Material supplied:
****

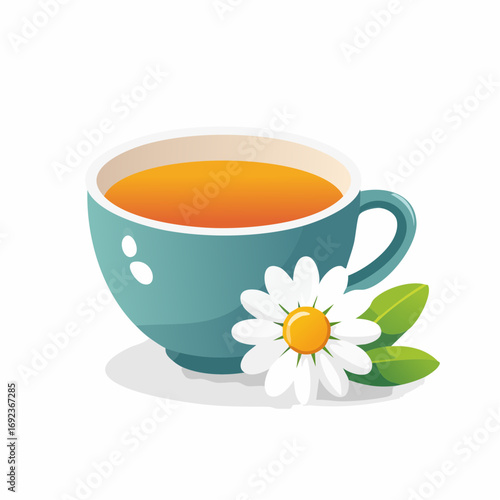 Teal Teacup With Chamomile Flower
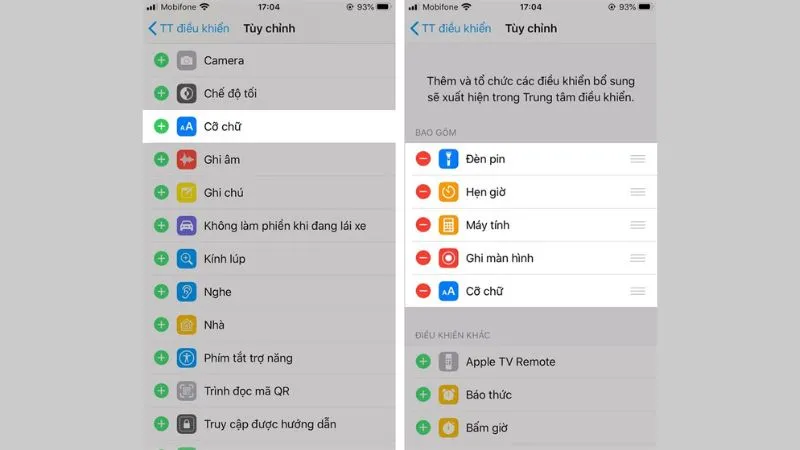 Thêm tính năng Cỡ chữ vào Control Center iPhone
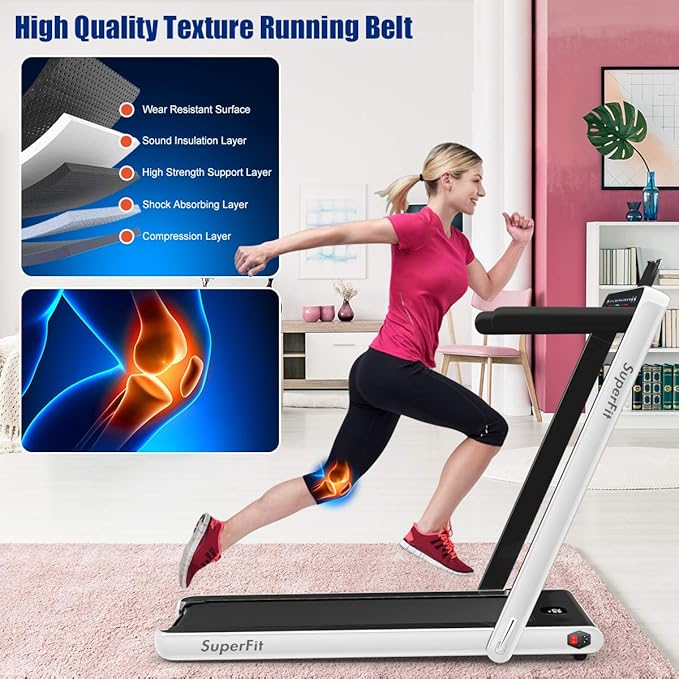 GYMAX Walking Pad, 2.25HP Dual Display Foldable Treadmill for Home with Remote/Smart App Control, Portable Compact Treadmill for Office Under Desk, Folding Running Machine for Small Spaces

****

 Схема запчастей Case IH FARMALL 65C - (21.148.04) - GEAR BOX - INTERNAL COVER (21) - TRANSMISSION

****

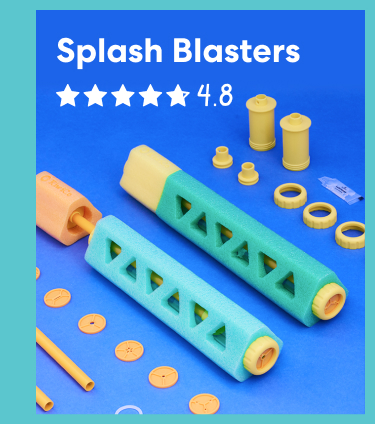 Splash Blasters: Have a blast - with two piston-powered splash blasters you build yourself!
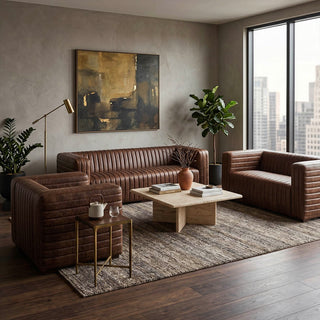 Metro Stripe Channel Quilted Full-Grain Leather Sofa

****

Starting at the line with "Splash Blasters: Have" in the entries above, write out every line exactly until the line with "Metro Stripe Channel" has been written. Include no pictures and nothing more.

Answer box:
 Splash Blasters: Have a blast - with two piston-powered splash blasters you build yourself!
 Metro Stripe Channel Quilted Full-Grain Leather Sofa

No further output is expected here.